Hay películas que pueden definirse con un par de frases; otras, que las considerábamos sublimes, se desdibujan hoy en la memoria quizá porque el paso del tiempo las desmejora. Con Léolo no ocurre igual: no solo es una gran película sino algo más; posiblemente uno de los retratos filmados de la locura ―y del intento de evitarla― más sobrecogedores de los últimos veinte años.
Un preadolescente que vive en un barrio sórdido, rodeado de la vulgaridad y esquizofrenia familiar, trata de esquivar la vida con la que, a su pesar, le ha tocado cargar. Lo intenta con la lectura (hay un único libro en su casa que relee, El Valle de los avasallados, de Réjeau Ducharme), con su afición a la escritura y con los sueños (…porque sueño no estoy loco). Sus sueños le permiten imaginar mundos iluminados y amables, el amor perpetuo a Bianca, su vecina, y el fantaseado regreso a Italia: “Me despierto muy temprano. Mi vuelta del campo de los sueños es brutal al entrar en el país de lo cotidiano”. Léolo sueña a través de lo que escribe, y escribe lo que sueña. Sus anotaciones, una especie de exorcismos contra la mísera realidad, le permiten distanciarse de una familia trastornada que camina hacia la locura y recala en los psiquiátricos: su hermana catatónica; el padre, que suministra laxantes a sus hijos (como si fueran hostias) mientras vigila obsesivamente las deposiciones; un hermano que desarrolla sus músculos hasta la exageración como un escudo particular contra el miedo, pero que no le salvan de acobardarse en el momento menos oportuno para él y para Léolo.
El joven director Lauzon echó el resto en su última película; murió poco después, a los 44 años, en un accidente aéreo. No tuvo miedo de abrir la caja de Pandora, de escribir un guión desde el agujero negro más profundo y apasionado de su mente, quizá elaborado por lo que el inconsciente le dictó de su historia personal. Huyó deliberadamente de la realidad de cartón piedra hollywoodiense que se ha enquistado en el cine, y muestra las miserias humanas tan desnudas y aireadas que podrían doler (porque, quién sabe, podríamos reconocernos en ellas, admitir una fragilidad intrínseca, una moral oculta…, y eso duele, repugna o asusta). Pero es posible que los más honestos consigo mismos encuentren otra intención en la película: un reflejo de la soledad compartida, y aprendan, como Léolo, a soñar para sostener una cordura resbaladiza.

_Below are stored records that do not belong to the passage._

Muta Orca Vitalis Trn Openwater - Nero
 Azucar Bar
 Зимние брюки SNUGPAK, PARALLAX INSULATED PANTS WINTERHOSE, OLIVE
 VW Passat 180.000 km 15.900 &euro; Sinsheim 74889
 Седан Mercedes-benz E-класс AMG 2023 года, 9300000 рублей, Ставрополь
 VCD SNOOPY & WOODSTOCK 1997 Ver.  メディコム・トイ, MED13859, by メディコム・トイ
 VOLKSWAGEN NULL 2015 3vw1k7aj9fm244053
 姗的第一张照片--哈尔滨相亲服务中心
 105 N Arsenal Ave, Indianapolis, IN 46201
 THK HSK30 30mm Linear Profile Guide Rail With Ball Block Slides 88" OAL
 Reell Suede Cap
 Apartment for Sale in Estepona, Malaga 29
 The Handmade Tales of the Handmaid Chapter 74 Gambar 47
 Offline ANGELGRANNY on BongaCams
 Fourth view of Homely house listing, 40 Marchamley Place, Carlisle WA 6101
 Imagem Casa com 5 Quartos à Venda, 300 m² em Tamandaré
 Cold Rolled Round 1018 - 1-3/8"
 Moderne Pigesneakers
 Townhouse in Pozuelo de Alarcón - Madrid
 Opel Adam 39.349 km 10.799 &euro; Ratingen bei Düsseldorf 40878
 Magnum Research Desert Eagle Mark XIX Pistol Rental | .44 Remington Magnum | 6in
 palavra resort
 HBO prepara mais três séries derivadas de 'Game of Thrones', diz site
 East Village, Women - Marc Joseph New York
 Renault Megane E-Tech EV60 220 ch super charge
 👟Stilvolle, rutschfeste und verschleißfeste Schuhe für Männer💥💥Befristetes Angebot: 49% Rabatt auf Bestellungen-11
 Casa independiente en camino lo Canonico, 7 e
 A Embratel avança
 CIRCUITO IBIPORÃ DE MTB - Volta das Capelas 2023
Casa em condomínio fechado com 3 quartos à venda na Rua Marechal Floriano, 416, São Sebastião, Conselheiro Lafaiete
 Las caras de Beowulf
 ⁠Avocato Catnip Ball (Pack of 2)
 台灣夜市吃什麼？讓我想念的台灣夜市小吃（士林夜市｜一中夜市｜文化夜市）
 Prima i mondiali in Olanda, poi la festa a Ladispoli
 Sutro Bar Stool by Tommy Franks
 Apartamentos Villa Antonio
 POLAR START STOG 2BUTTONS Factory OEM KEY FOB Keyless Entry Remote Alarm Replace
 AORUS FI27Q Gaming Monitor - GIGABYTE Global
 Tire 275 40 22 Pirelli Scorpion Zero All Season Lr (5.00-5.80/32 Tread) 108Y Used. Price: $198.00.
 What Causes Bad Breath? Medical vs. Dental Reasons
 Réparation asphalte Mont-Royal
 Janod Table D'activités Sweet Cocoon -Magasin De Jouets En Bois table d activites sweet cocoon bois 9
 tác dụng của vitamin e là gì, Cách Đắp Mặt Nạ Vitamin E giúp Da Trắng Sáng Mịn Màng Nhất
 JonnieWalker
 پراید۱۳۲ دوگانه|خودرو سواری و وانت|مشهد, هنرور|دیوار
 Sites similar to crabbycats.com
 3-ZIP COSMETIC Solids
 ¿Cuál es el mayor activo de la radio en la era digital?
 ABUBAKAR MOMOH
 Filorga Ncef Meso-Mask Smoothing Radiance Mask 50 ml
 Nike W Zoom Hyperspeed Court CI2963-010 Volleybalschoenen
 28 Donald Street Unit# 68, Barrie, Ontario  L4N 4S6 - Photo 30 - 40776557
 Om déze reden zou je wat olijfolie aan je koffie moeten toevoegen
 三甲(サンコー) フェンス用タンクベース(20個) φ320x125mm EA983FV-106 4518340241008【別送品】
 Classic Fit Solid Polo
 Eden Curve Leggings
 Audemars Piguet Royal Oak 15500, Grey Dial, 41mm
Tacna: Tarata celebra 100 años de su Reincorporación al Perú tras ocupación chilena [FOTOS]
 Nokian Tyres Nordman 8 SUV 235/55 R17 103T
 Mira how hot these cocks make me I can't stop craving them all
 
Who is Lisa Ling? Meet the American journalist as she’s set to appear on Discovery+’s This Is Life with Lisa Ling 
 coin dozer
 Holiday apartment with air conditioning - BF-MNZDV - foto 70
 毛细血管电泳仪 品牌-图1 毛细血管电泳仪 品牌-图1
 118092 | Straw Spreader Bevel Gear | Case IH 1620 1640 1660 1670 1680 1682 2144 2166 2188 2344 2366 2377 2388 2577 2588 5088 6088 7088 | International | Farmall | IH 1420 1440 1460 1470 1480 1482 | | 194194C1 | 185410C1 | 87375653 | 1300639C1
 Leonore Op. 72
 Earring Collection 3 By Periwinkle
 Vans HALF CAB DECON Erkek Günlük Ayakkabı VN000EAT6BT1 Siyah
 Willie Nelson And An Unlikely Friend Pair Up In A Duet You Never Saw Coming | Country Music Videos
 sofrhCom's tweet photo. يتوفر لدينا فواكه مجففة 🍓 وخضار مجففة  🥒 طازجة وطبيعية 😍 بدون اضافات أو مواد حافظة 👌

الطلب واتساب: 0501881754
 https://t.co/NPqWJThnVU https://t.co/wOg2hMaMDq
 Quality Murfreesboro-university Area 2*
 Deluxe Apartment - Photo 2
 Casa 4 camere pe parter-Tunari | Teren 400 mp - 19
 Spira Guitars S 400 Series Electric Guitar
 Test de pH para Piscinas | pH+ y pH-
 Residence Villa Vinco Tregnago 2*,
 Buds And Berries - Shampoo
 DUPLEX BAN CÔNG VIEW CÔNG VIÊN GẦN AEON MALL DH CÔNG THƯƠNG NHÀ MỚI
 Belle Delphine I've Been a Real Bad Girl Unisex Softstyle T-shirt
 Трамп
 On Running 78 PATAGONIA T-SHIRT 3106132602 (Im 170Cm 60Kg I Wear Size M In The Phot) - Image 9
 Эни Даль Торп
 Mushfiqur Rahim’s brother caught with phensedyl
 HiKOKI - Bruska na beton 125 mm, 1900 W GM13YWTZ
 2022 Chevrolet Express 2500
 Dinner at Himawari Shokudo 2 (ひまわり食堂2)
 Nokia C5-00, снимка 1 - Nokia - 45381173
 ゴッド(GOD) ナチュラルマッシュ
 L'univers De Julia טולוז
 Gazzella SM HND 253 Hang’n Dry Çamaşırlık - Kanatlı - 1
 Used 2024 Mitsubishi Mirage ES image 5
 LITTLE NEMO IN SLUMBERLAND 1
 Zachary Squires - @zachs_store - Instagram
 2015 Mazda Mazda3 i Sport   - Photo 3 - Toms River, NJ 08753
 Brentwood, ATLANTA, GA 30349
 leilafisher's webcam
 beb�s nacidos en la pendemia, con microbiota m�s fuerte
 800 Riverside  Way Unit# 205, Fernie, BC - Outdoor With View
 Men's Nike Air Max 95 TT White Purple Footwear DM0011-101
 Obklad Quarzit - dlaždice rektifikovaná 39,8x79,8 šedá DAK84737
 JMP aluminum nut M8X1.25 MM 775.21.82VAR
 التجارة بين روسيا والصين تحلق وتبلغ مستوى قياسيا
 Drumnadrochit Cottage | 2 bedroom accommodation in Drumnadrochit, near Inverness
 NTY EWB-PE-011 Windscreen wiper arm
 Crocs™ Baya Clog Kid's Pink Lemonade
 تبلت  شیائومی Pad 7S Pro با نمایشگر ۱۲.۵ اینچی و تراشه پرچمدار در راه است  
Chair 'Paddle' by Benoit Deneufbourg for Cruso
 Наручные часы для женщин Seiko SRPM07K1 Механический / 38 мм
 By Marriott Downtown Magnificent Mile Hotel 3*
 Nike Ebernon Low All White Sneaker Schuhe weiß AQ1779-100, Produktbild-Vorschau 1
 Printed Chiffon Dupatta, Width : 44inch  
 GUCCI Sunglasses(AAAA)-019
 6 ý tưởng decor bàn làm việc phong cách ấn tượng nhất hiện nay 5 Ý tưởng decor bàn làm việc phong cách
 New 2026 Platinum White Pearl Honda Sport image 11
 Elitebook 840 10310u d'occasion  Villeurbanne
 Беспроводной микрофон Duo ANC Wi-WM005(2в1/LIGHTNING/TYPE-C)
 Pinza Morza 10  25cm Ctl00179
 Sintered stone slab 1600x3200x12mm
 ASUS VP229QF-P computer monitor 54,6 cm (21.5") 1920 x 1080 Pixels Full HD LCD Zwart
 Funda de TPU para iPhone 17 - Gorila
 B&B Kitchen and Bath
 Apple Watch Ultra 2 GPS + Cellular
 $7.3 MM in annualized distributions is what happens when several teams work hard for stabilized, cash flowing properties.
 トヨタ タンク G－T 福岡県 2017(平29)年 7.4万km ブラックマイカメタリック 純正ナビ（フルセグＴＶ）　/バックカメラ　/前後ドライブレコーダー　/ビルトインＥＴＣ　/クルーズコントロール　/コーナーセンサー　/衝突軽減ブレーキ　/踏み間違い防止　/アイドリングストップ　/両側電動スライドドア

Es una de las historias más honestas, arriesgadas y auténticas jamás rodadas. Brutalmente febril y hermosa, fue realizada a partir de un guión confeccionado con una escritura compulsiva y automática, repleto de símbolos e iconografías que, en algunas imágenes, pueden recordarnos a Fellini. El hallazgo de las músicas, que van de Loreena McKennitt a cantatas medievales, de Tom Waits a Gilbert Bécaud y los Rolling Stones, dotan a la película de un embrujo inmaterial. La voz en off, de gran belleza poética, nos introduce en una especie de realismo mágico: el director consigue un marcado contraste entre lo que el espectador ve y lo que oye. Solo así, evadiéndonos con la palabra narrada, podemos soportar imágenes tan duras como las de una banda de niños fumando y follándose a una gata; una escena de pederastia o el intento de asesinato en una bañera. Incluso llegar a sonreír cuando la madre ofrece a la familia una pieza de hígado que ha sido utilizado secretamente como vagina apenas unas horas antes. Pero además, paradójicamente, de esa forma tan violenta podemos enamorarnos apasionadamente de la Italia soñada por Léolo o compartir tesoros encontrados en las profundidades de piscinas hinchables.